Action Comics #13 begins in the past – Krypton’s past to be exact. One Halloween night long ago on Krypton, Jor-El and the K-Council condemn a mad scientist named Xa-Du to the newly created Phantom Zone, where he will live as an utter phantom, with a chance every twenty years to “plead” for his release. Xa-Du does not take kindly to his sentence, and before being swept away to nothingness, he swears vengeance upon Jor-El and his progeny. Twenty years come and go, and on the very day of Xa-Du’s scheduled “parole hearing,” the planet Krypton explodes. Fast forward to present day, and Superman is going about his business in the Fortress of Solitude. As he is about to go deal with an “anomalous weather condition” in the South Pacific, Supes hears a strange noise reverberate through the Fortress. Knowing that there should be no other soul in the Fortress besides himself, Superman begins to wander into the darker parts of his ice castle. He comes upon an old Kryptonian artifact he has salvaged from the Bottle City of Kandor and finds himself face to face with the de-materialized Xa-Du. The spectre of Xa-Du disappears, and while Superman is busy figuring out what exactly the giant, mirror-like artifact is, Xa-Du flanks the Man of Steel and sucks our hero into the Phantom Zone. While inside the Zone, Superman must enlist the help of a certain mysterious stranger (that’s with a capital “S,” mind you) and his long lost dog Krypto to escape and prevent Xa-Du from exacting vengeance on the Earth.
There are two big things going for this particular issue of Action Comics that makes it so enjoyable. For one, Morrison’s writing is on another level here.
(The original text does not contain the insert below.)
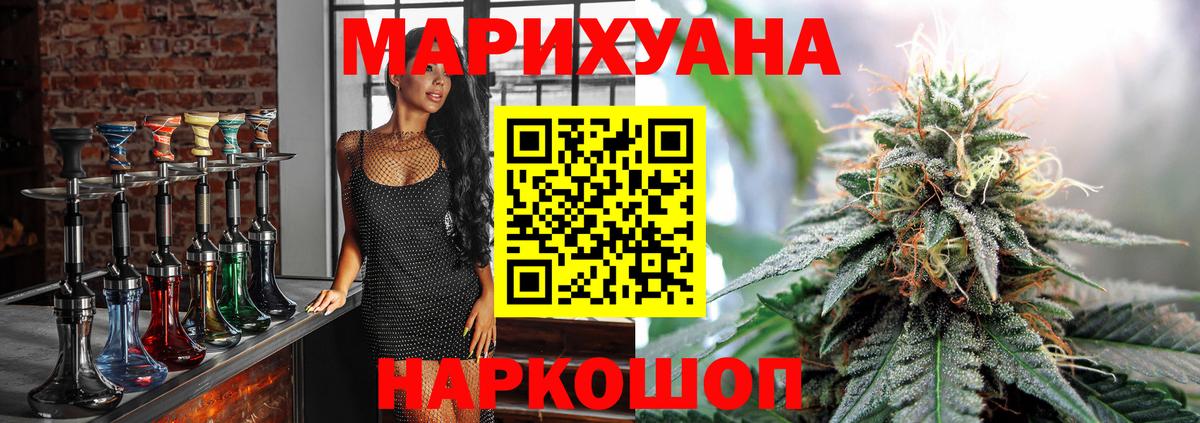 Бошки марихуана White Widow Туймазы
He frames the issue as a ghost story you would tell around a Halloween camp-fire, except this story has Superman in it. His writing – and narration – technique greatly evoke the works of Ray Bradbury, to whom Morrison has actually dedicated this issue. I found myself glued to every page as the smooth and streamlined prose drew me deeper and deeper into the mystery haunting the halls of Superman’s Fortress. Secondly, Travel “Animal Man” Foreman’s psychedelic art style really helps create this other-worldly feel to the issue. Travel Foreman has become one of my favorite artists ever since that first issue of the New 52 Animal Man, and to see his take on Superman was a dream come true. Morrison could not have picked a better artist to work with on an issue where the Phantom Zone and its phantoms are displayed predominantly. Foreman’s color palette and whimsical lines create a truly unique Superman experience that is beyond enjoyable to look at – you seriously could get lost in these panels for hours.
So since it’s that time of year, do yourself a favor and spend your Halloween with Superman, Grant Morrison, and Travel Foreman – you won’t be disappointed. I know I’ll be revisiting this issue again on Halloween night, and probably for many more years to come.